Restate the data below word for word. Leave the images out.

◆ PROVIDED MATERIAL:
- Opening Delimiter -

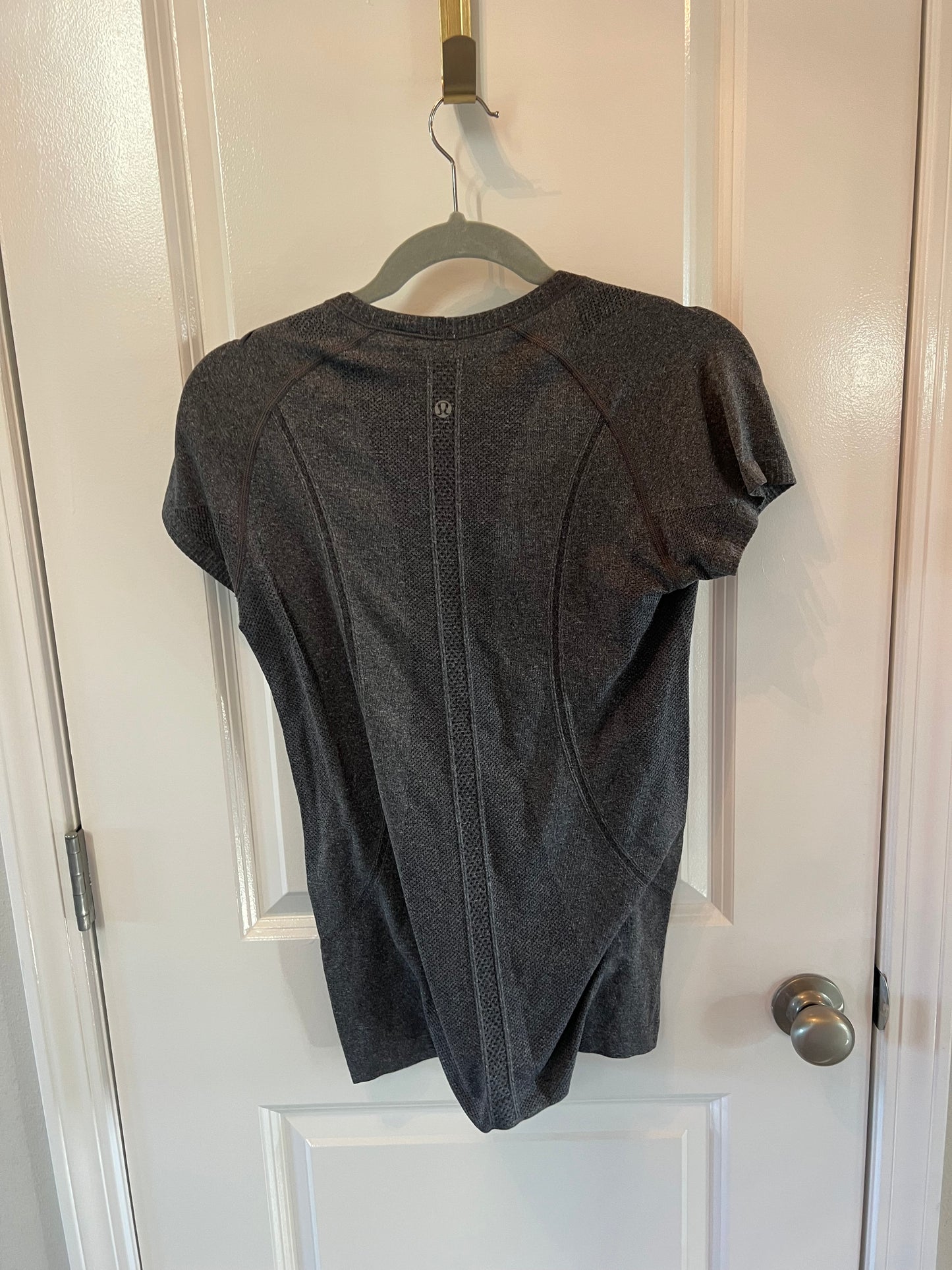 Lululemon Swiftly Tech Short Sleeve Shirt Women’s Size 8 Charcoal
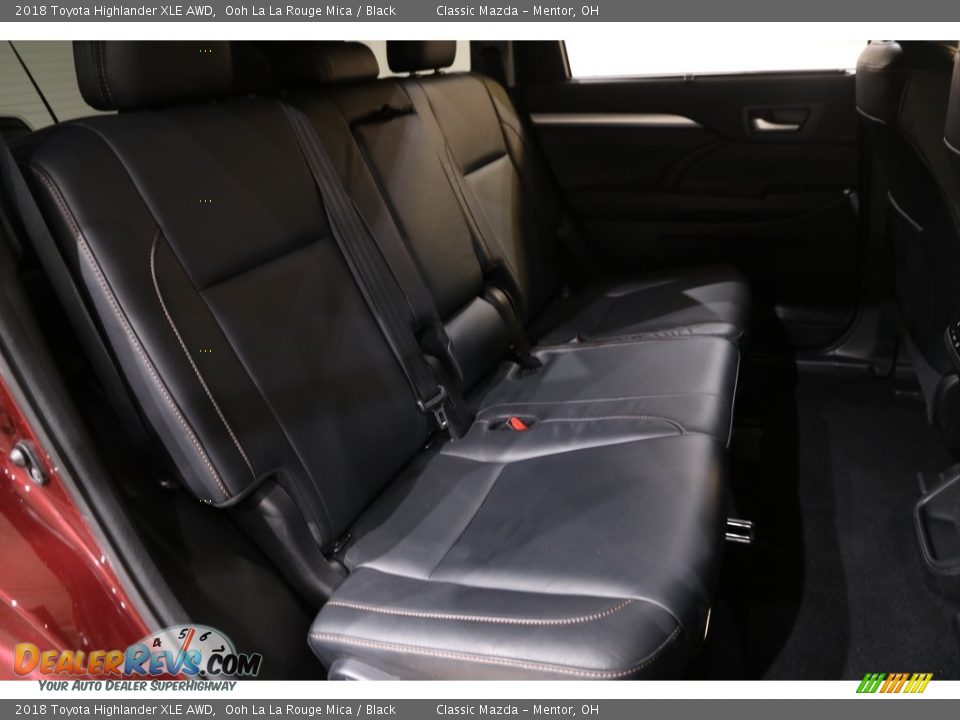 2018 Toyota Highlander XLE AWD Ooh La La Rouge Mica / Black Photo #16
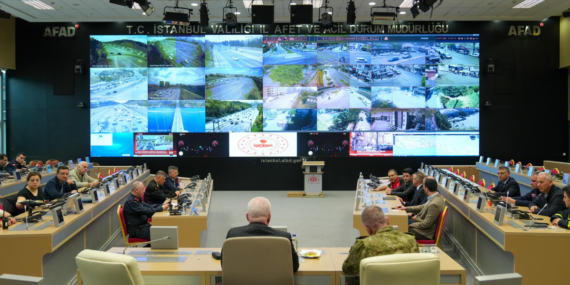 İstanbul depremi: Panik sebebiyle yüksekten atlayan 151 kişi yaralandı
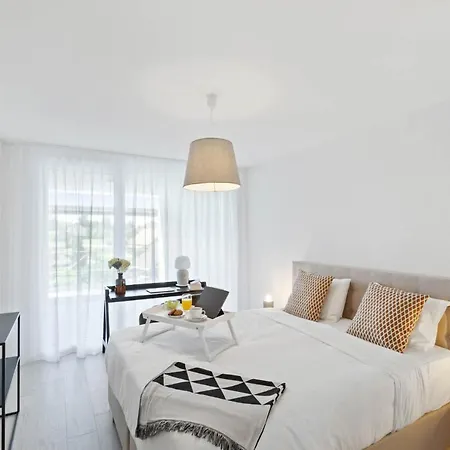 Olympia Homes Beautifully Furnished Flats Epalinges Exterior photo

- Closing Delimiter -

◆ RESPONSE FOR THIS EXERCISE:
 Lululemon Swiftly Tech Short Sleeve Shirt Women’s Size 8 Charcoal
 2018 Toyota Highlander XLE AWD Ooh La La Rouge Mica / Black Photo #16
 İstanbul depremi: Panik sebebiyle yüksekten atlayan 151 kişi yaralandı
 Olympia Homes Beautifully Furnished Flats Epalinges Exterior photo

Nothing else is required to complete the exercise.